There is no longer any person or thing that is more valuable to me than my own life. Nothing is worth the risk of losing me.

2 responses

  1. Jen

    My amazing friend Angie,
    I just started writing you an email. Quickly turned to a personal journal entry. Even more quickly turned to a painful, heart-wrenching, sobbing.

    I was writing in my personal blog – the one no one sees but me – and I noticed that Angie had put up a new post.

    So, I came and read what you wrote. Almost in a hopes of distracting myself from my own pain. It did not work.

    I have never wanted to hurt anyone. That desire has kept me from DOING and saying a lot of things. In the past year, I decided not to let fear or guilt run my life anymore. It has been amazing.
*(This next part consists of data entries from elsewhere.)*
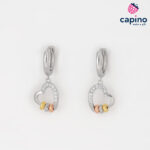 Сребърни обеци сърце Caterina
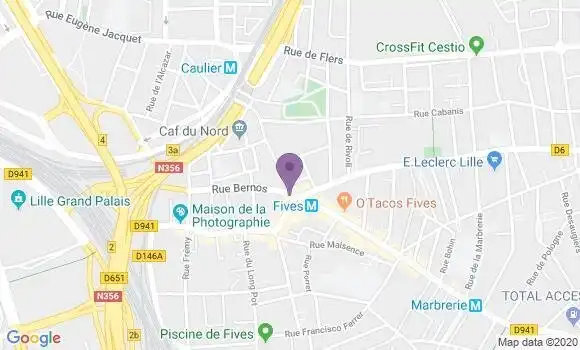 Localisation Banque Postale Agence de Lille Fives
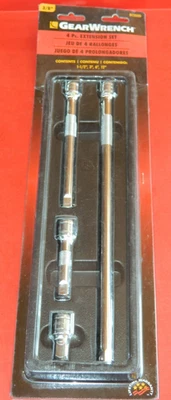 GEARWRENCH 81200D 4 PIECE EXTENSION SET 3/8" DRIVE 1-1/2", 3", 6", & 12" LENGTHS - Image 1 of 4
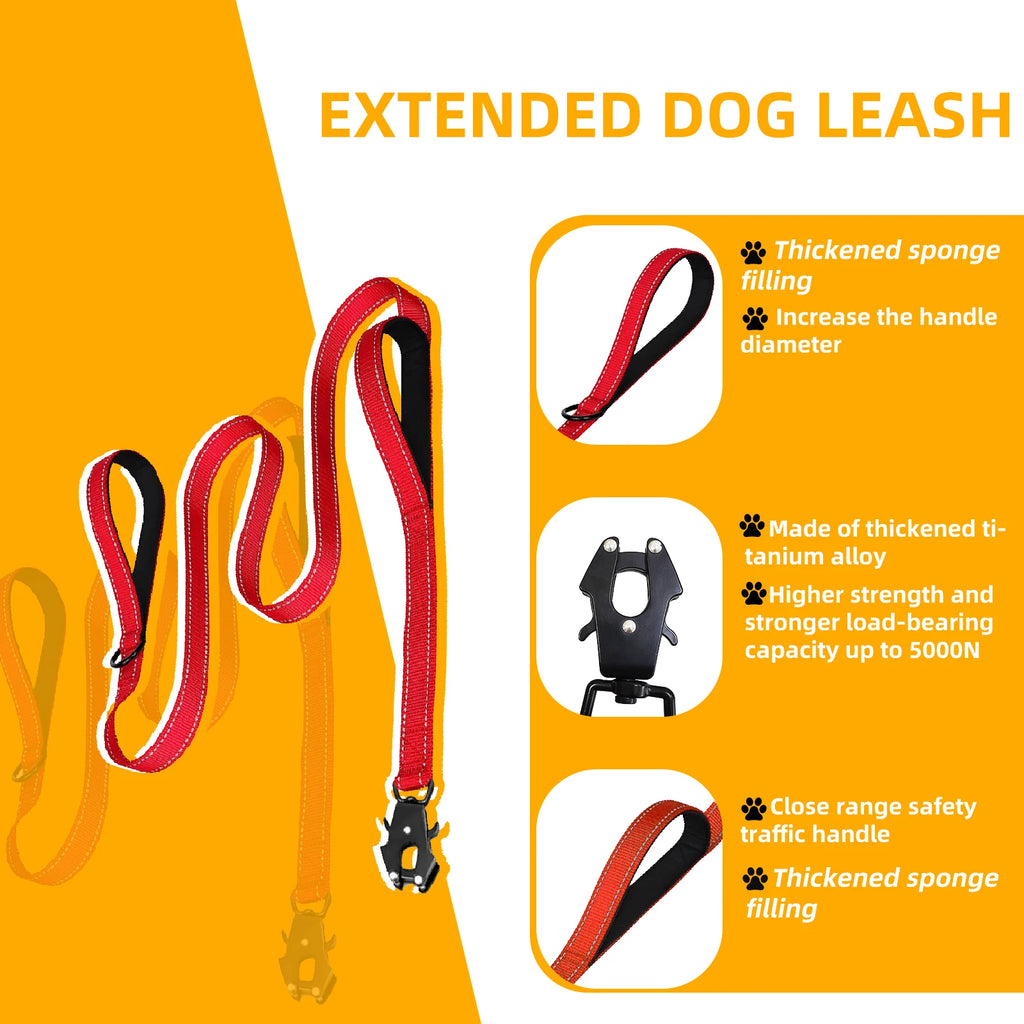 Soft Padded 2 Handle & Auto Lock Frog Clip Outdoor dog leash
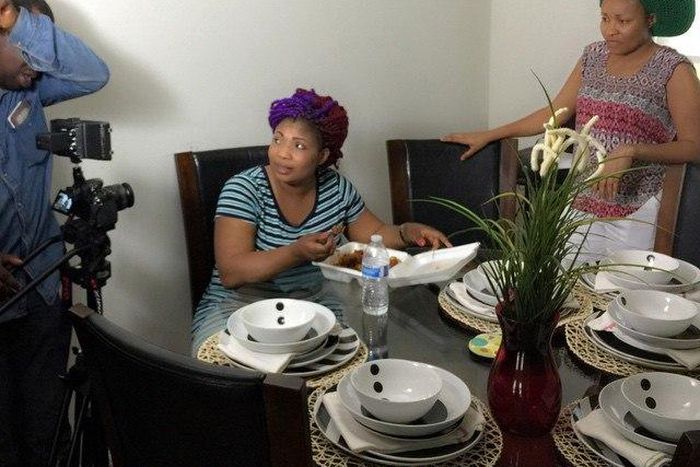 Laide Bakare and Doris Simeon on the set of Hally the Drummer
    People are hurting. Some because they feel so afraid, some because who I am just hurts them, some because I am not just sitting quietly like I used, and some probably would have been hurting no matter what I chose to do.

    I felt this overwhelming pain, I know they are hurting, and I wouldn’t change a thing. I KNOW they are hurting, but I wouldn’t go back and take away their pain in exchange for the way I used to live. I am more important to me, than their pain is to me. And that scares me to death.

    I haven’t yet learned how to sit with a friend who believes I am causing their pain and not fix it. I haven’t yet learned how to listen to someone share their opinion about what I should do, and not do what they tell me to, especially when they say how much it hurts them that I am not living “right”.

    Thank you (again) for being such a HUGE part of my journey. I’m sorry for the long comment. I wanted to share with you, even though I’m not sure why… just wanted to cry on your shoulder, I guess. So, thanks.

    March 5, 2011 at 7:54 pm

    • Jen,

      I am so touched as I read through your experiences of growing, stretching and transforming yourself. I am appreciating that you and I are sharing together in this journey that can be SO gut-wrenching and heartbreaking while at the same time abundantly joyful. When I read your words here in comments or on your blog, I feel a quiet relief knowing that I am not alone. Thank you for coming here to share with me about what you are going through, for being willing to take the time and write it out for me and for being comfortable enough and trusting enough to cry on my shoulder. Your tears are honored here, my friend.

      Much love to you, dear girl. Blessed be!